▶ _Supplied data_

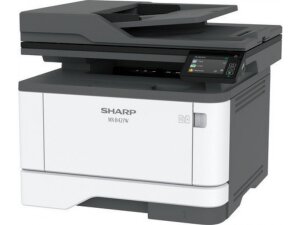 Sharp MX B 427 W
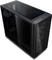 Fractal Design Define S2 Vision RGB, Glasfenster Vorschaubild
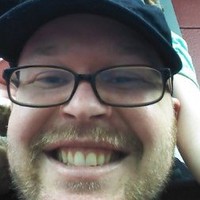 Michael Scheuer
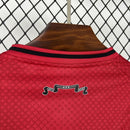Camisola Ajax 2025/26 - Home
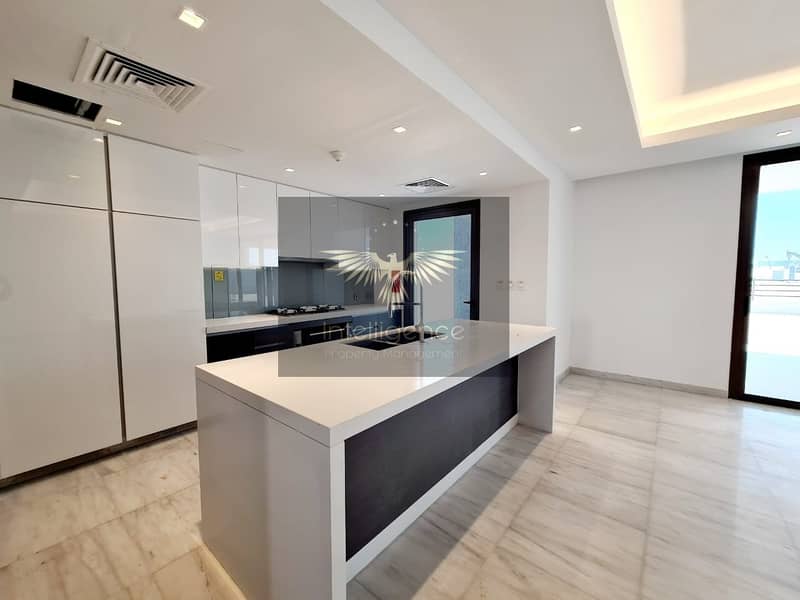 7 Hot! Modern Stylish w/ Great Finishing Golf Villa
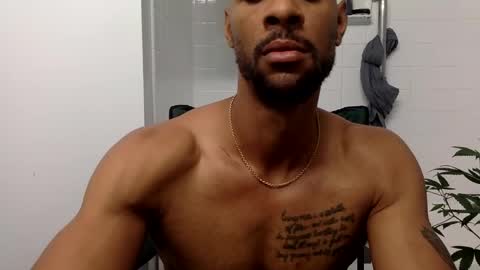 Snapshot of d33d667696 chatting on October 19, 9:15 pm Dday2 online show from October 19, 9:15 pm
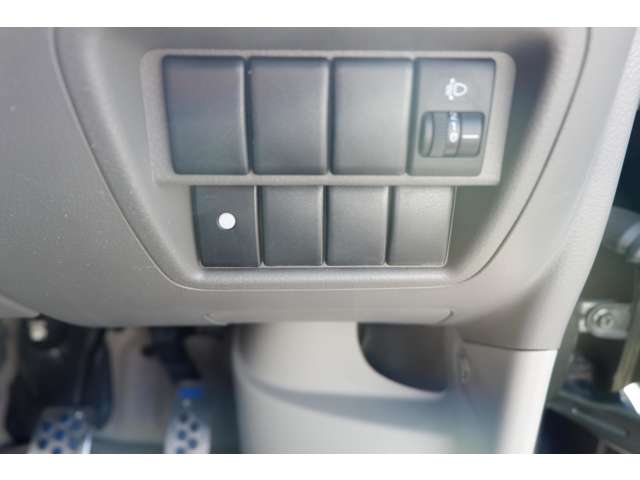 エブリイ 2018/H30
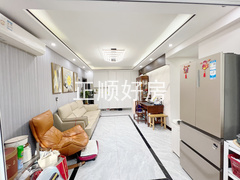 微信图片_20251130211106_625_283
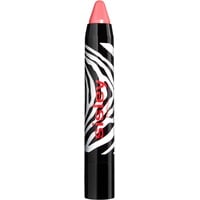 Sisley Phyto-Lip Twist 2 Baby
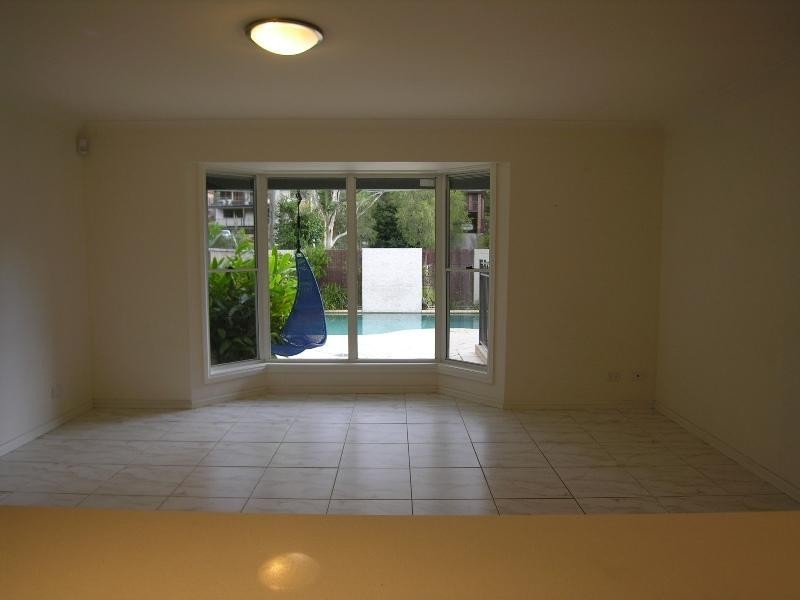 26 Stachon St, North Gosford NSW 2250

▶ _What to do_
Reproduce the material above exactly but drop all images.

▶ _Output of the exercise_
 Sharp MX B 427 W
 Fractal Design Define S2 Vision RGB, Glasfenster Vorschaubild
 Michael Scheuer
Camisola Ajax 2025/26 - Home
 7 Hot! Modern Stylish w/ Great Finishing Golf Villa
 Snapshot of d33d667696 chatting on October 19, 9:15 pm Dday2 online show from October 19, 9:15 pm
 エブリイ 2018/H30
 微信图片_20251130211106_625_283
 Sisley Phyto-Lip Twist 2 Baby
 26 Stachon St, North Gosford NSW 2250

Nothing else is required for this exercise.